A previous post in the gene.iobio version 2 blog series focused on analyzing multiple genes simultaneously. This functionality has really increased the power of gene.iobio, making it a lot easier to analyze a set of genes and identify candidate disease variants. The problem is, though, that we still need to generate a list of genes to analyze. As described in the previous post, we can start with the list of 56 genes identified by the ACMG, but what would be ideal, would be start with a phenotype and generate a gene list from there. Fortunately, that is exactly what we can do!
In this post, we will use the modified Platinum trio dataset and assume this data originates from a family trio where the child is suffering from lactic acidosis. If we know a lot about this phenotype, we may know of some likely genes where we can start our analysis, but what if we do not? Or what if these genes turn up no candidate variants? Using Phenolyzer, a tool developed in the lab of Kai Wang at USC, we can use the phenotype to generate a gene list. For more information on this tool, or other software developed in this lab, go here.
In this case, we enter lactic acidosis, click 'Run' and wait for Phenolyzer to do its magic! Very briefly, Phenolyzer works by trying to match the entered phenotype terms to disease and phenotype terms in its own database to produce a list of seed genes. These genes are then checked for interactions with all other genes in the genome, accounting for four types of interaction; protein-protein interactions, genes in the same Biosystem or the same gene family and in transcription interactions. Based on all of this, a machine learning model is used to generate a score for each gene, and the output is a list of genes ordered by their scores. The output gene list for lactic acidosis appears in the left panel and the top 10 (this number is user configurable) genes appear as gene badges, ready to be interrogated.
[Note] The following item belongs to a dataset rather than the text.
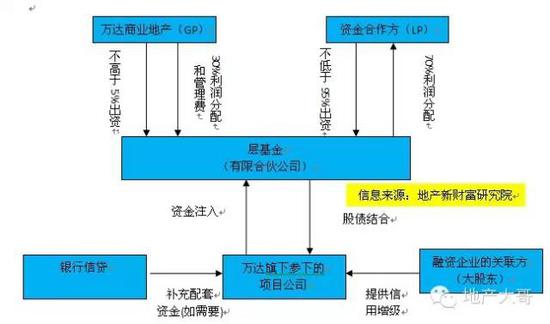 投资咨询公司注册要求对比：新手入门与专业合规的差异解读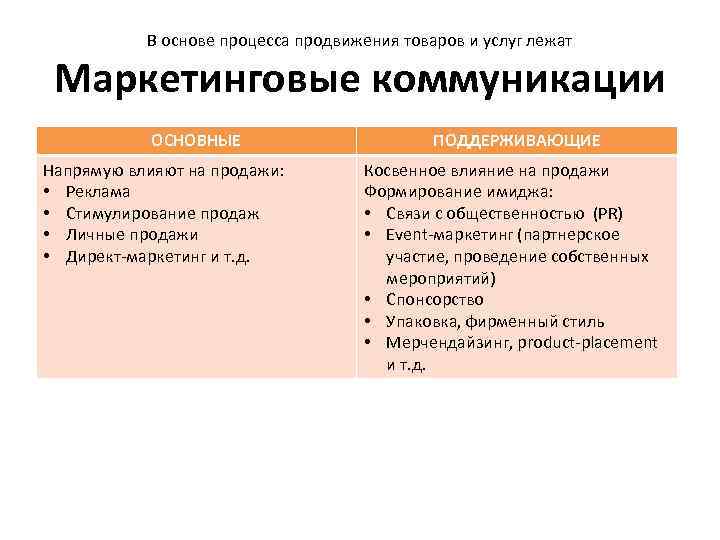 В основе процесса продвижения товаров и услуг лежат Маркетинговые коммуникации ОСНОВНЫЕ Напрямую влияют на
By default, the genes are not automatically analyzed, but we can select 'Analyze all' to begin analysis. When complete, the gene badges describe any interesting variants within them using the glyphs described in the multi-gene analysis post.
The gene badges are in the prioritized order, so the gene to the furthest left (TTPA) is considered the most important by Phenolyzer. The RAI1 gene still appears in the gene badges, since this was present prior to running Phenolyzer. We can see that there are no glyphs associated with the TTPA gene, so there are no high impact variants to look at there. The highest ranked gene that does have interesting variants to look at is PDHA1, so that is the first gene we should look at. In this gene, we see only two variants; an insertion in a promoter and a de novo missense variant predicted to be deleterious by SIFT and probably_damaging by PolyPhen. The variant is not seen in either 1000 Genomes or in ExAC, so this variant may well be a good candidate for the obseved phenotype.